TASK =>
The answer must be an exact copy of the lines from the one containing "Mardi Gras Lila" through the end of the records, with the pictures left out.

DATA FOR PROCESSING =>

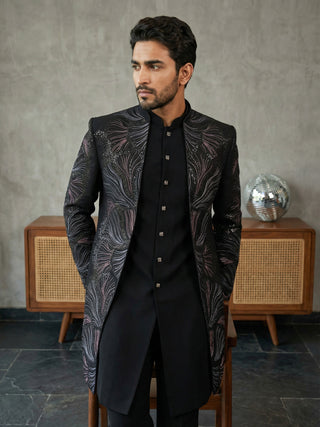 Men Black Embroidered Indo-Western Set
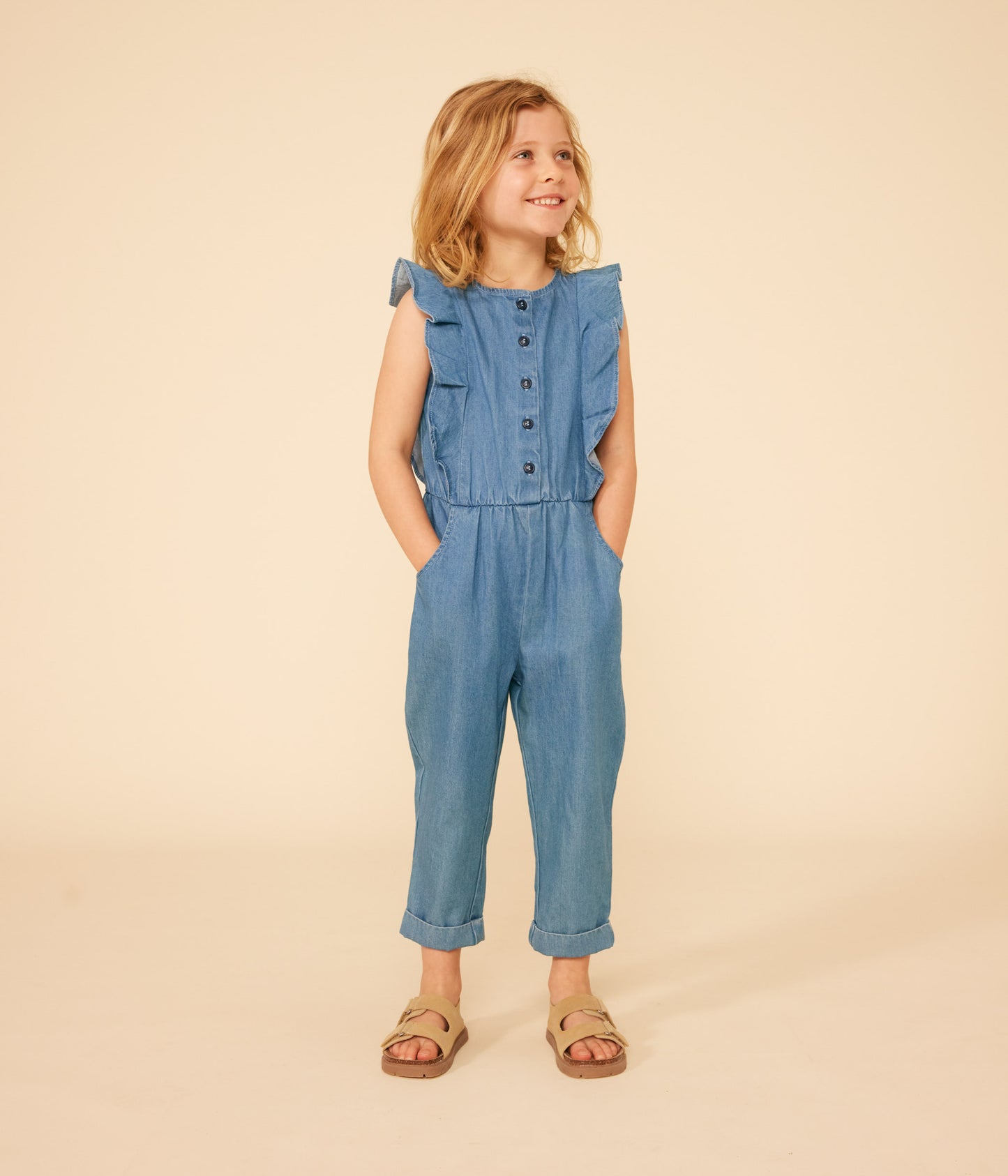 Buksedragt i let denim til piger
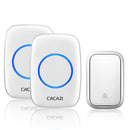 CACAZI FA58 Wireless Waterproof Self-powered Doorbell No Battery Required 1 Transmitter 2 Receiver Home Ring Bell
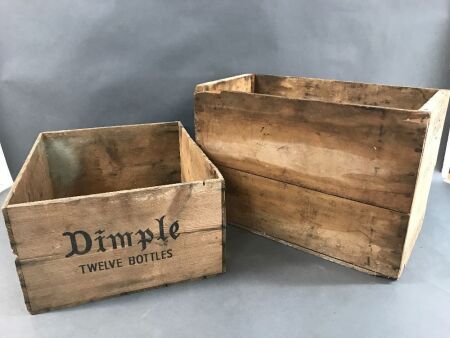 2 Vintage Timber Packing Crates - Texaco Oil & Dimple Scotch Whisky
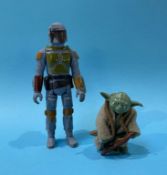 Two loose Star Wars figures, Boba Fett and Yoda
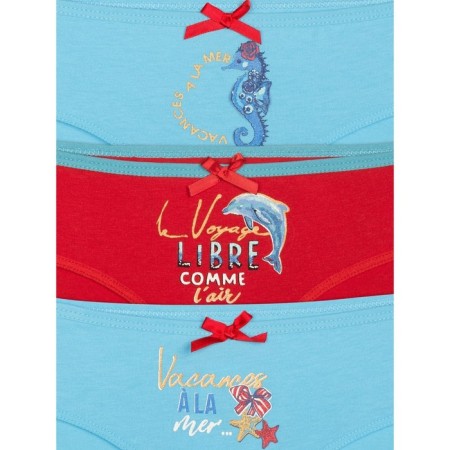 Panties for girls, height 92 cm, azure color, coral, azure, 3 pcs-1
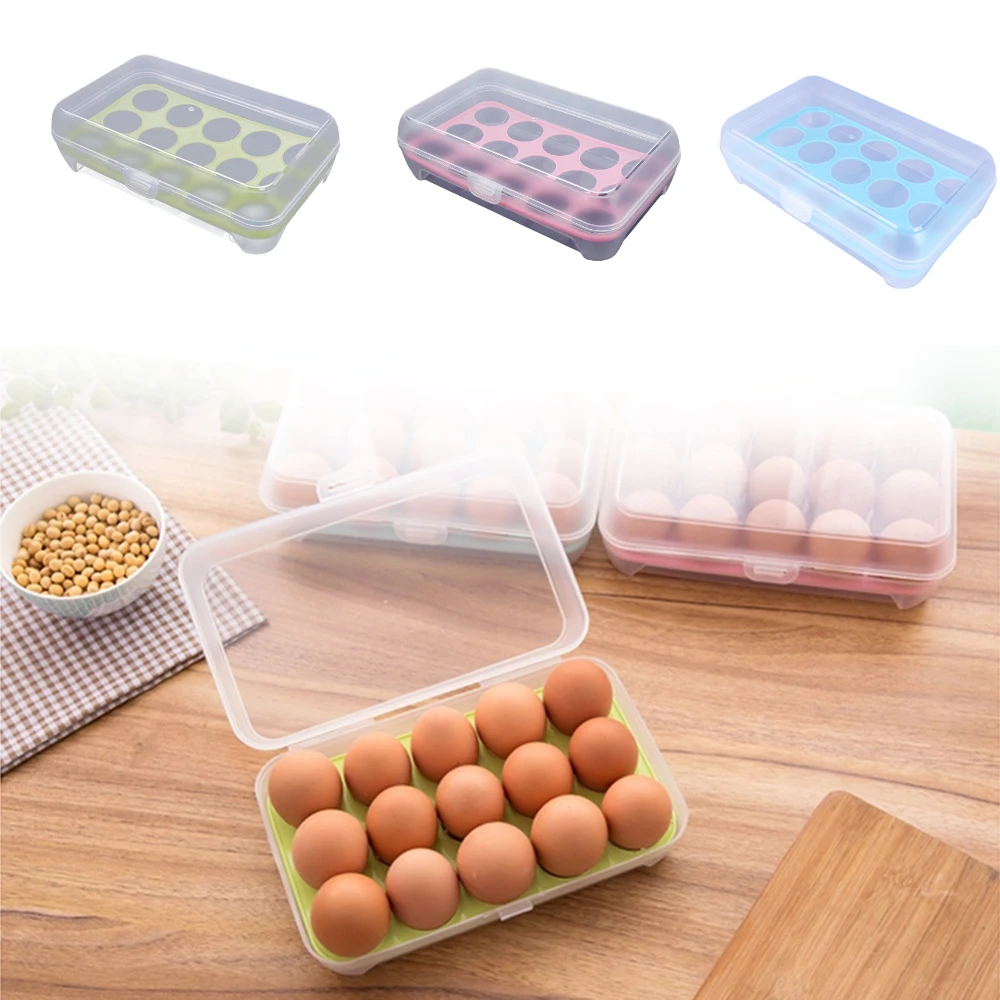 Plastic Egg Storage Box 15 Grids Egg Holder Cartons Refrigerator Kitchen Egg Box Kitchen Accessories Fresh-Keeping Container
Plastic Egg Storage Box 15 Grids Egg Holder Cartons Refrigerator Kitchen Egg Box Kitchen Accessories Fresh-Keeping Container
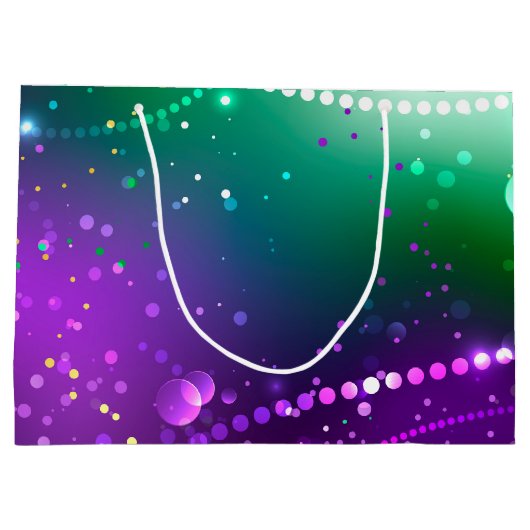 Mardi Gras Lila Hintergrund Große Geschenktüte (Rückseite)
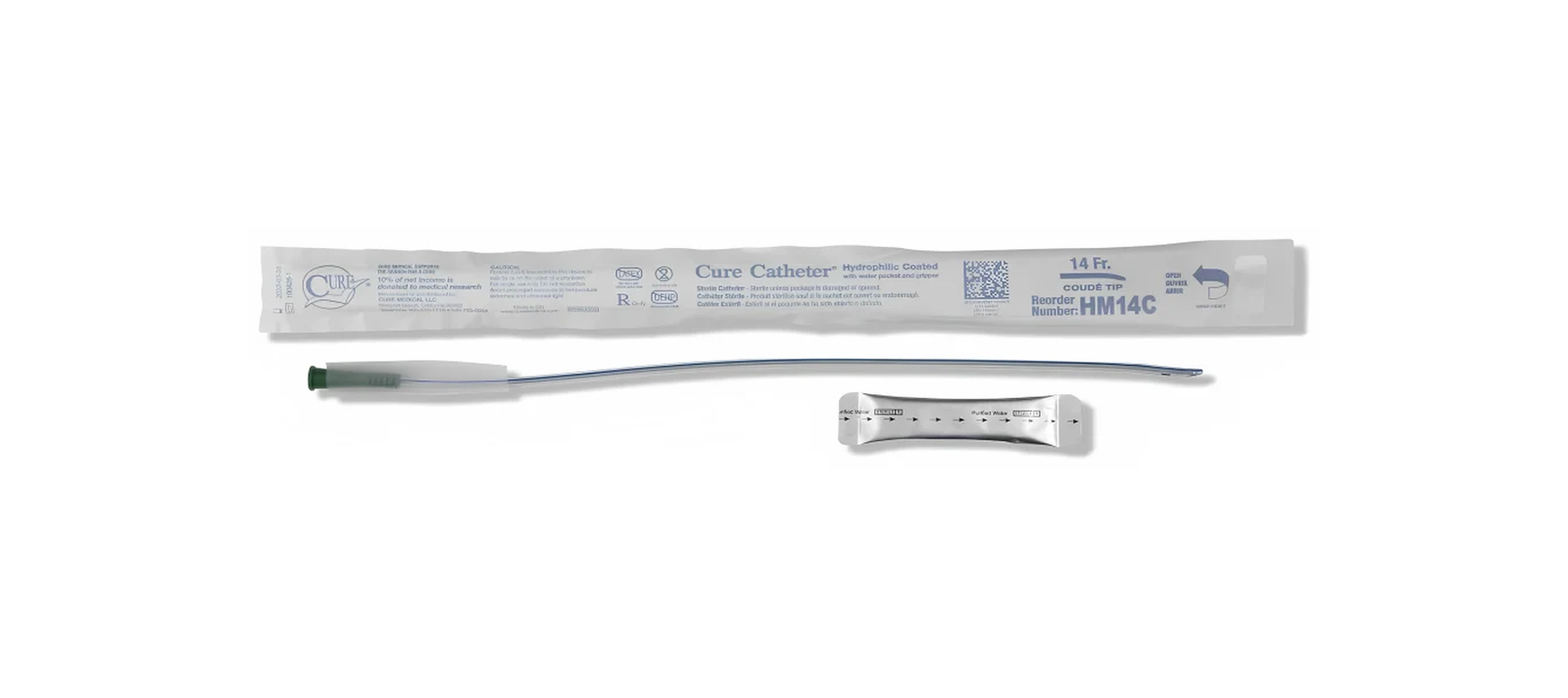 Cure Hydrophilic Coude Tip Intermittent Catheter - Male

RESPONSE TO THIS EXERCISE =>
 Mardi Gras Lila Hintergrund Große Geschenktüte (Rückseite)
 Cure Hydrophilic Coude Tip Intermittent Catheter - Male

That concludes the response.